Problem statement: The listing below is to be written out word for word, minus its images.
(Exercise data)
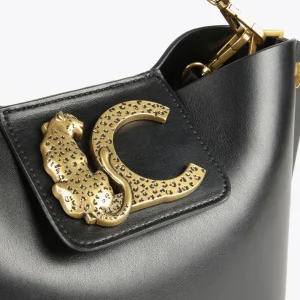 Lola Casademunt Bandoleras | Bolsos Pequeños<Bandolera logo animal CAMEL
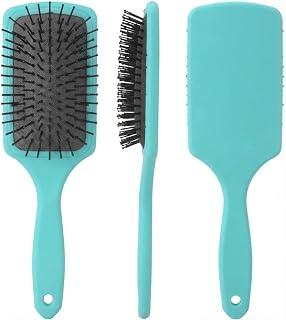 Exclusive Deal on square Large Plate Airbag Massage Comb Hair Brush for Other Beauty &amp; Personal Care Products | Anti-Static Wet Or Dry Detangling Brushes - Amazon Egypt Deals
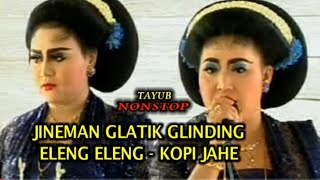 Jineman Glatik Glinding, Kopi Jahe‼ Yahya, Karniati & Mbarsih || Tayub Tuban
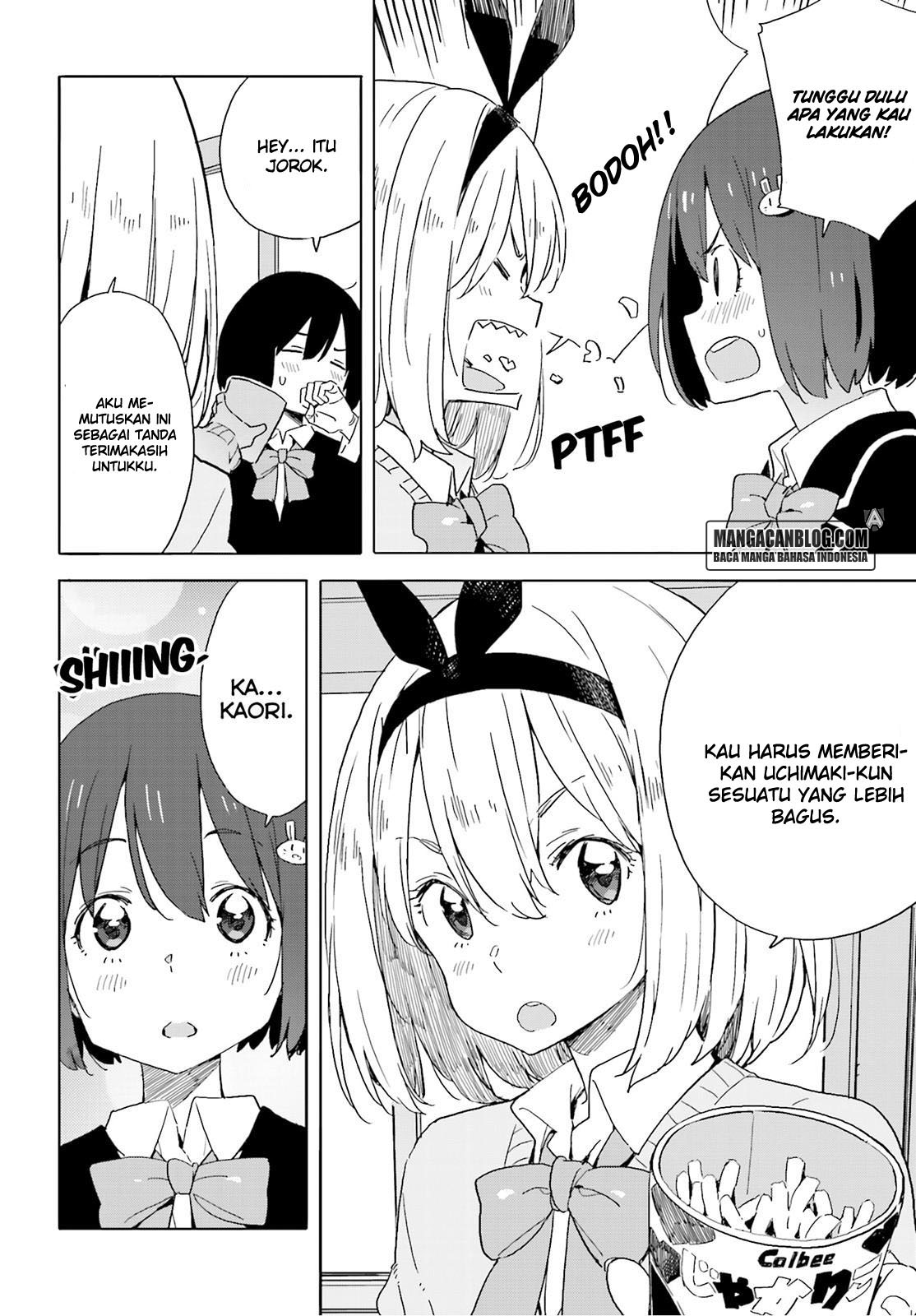 Kono Bijutsubu ni wa Mondai ga Aru! Chapter 40 - halaman 7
(End Exercise data)
Completed task:
 Lola Casademunt Bandoleras | Bolsos Pequeños<Bandolera logo animal CAMEL
 Exclusive Deal on square Large Plate Airbag Massage Comb Hair Brush for Other Beauty &amp; Personal Care Products | Anti-Static Wet Or Dry Detangling Brushes - Amazon Egypt Deals
 Jineman Glatik Glinding, Kopi Jahe‼ Yahya, Karniati & Mbarsih || Tayub Tuban
 Kono Bijutsubu ni wa Mondai ga Aru! Chapter 40 - halaman 7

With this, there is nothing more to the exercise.